Was du vielleicht noch einbringen kannst, so als Verbesserungsvorschlag: Schreie der um das versinkende Schiff herum ertrinkenden Menschen, auf dem Wasser schwimmende Leichen etc.

(Sorry, habe gerade den Krebsgang von Grass gelesen (nicht, dass ich dir jetzt ankreide, dass du nicht so wie er schreibst ;)), aber da wurde dem Leser so richtig die bei solch einem Schiffsungklück aufkommende Panik geschildert, was mir an deiner Geschichte noch ein bißchen gefehlt hat.)
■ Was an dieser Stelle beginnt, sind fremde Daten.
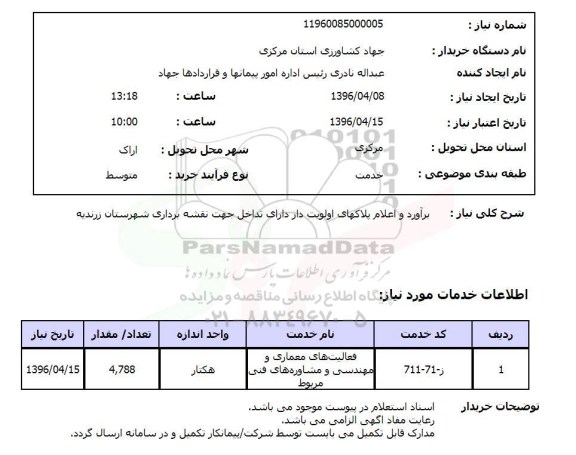 استعلام برآورد و اعلام پلاکهای اولویت دار شهرستان زرندیه 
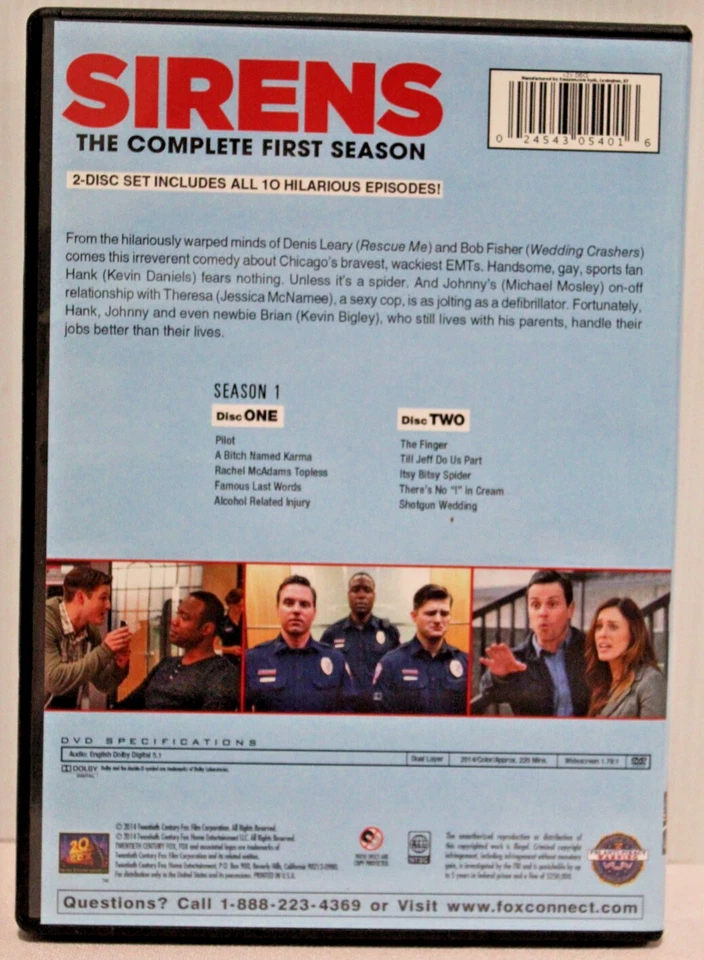 Sirens DVD Complete Season 1 & 2 US Sitcom EMTs Medical Responder Crude Comedy - Image 4 of 4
Aber im Ganzen hoffe ich, dass es demnächst noch merh Geschichten solcher Art von dir zu lesen gibt!

Viele Grüße,
Sebastian

 

Hallo Deschain

Wow, ich bin völlig überwältigt von deiner Geschichte.
Ich wollte das einfach nur sagen!
Die Sprache ist sehr gelungen, da sie nicht übertrieben wirkt und das Ganze so echt und wirklich wirken lässt!

Note 1 mit *


Lass dich von Kunst beflügeln...
kinky

 

Hallo Deschain,

Deine Sprache gefällt mir auch recht gut, aber formal lässt sich noch jede Menge an Deinem Text machen:

Zum einen streust Du die Kommata sehr willkürlich über den Text, daran solltest Du dringend arbeiten.
Dann fehlt mindestens eine Leerstelle zwischen zwei Sätzen.
Hin und wieder Absätze erleichtern das Lesen ungemein.
Und dieser Satz hier macht überhaupt keinen Sinn:

Er betete, doch seine Gedanken schweiften immer wieder ab zu dem Moment, als er den Bug brechen sah, als er wusste, dass sie untergehen würden, dass dies der letzte sein würde, den dieses Schiff zu überstehen versuchte.
Der letzte was?

Hm.
Keine neue Idee, aber das macht erstmal nichts. Auch keine wirklich schlechte Umsetzung, nur meiner Meinung nach eine zu flüchtige. Der Text arbeitet auf den Moment hin, in dem die Rettungsinsel überfüllt ist und daher unterzugehen droht. Hier sollte auch das Hauptaugenmerk liegen: Was genau tun die Menschen, um ihren Tod zu verhindern? Wer reagiert wie, wer will den Tod des Jungen, wer glaubt, sie hätten alle Platz, wer versucht, einen der anderen hinauszuwerfen?
Hier gibt es noch einige Ansätze, um den Text wirklich rund zu gestalten. Viel Spaß dabei, ich bin aufs Ergebnis gespannt! :)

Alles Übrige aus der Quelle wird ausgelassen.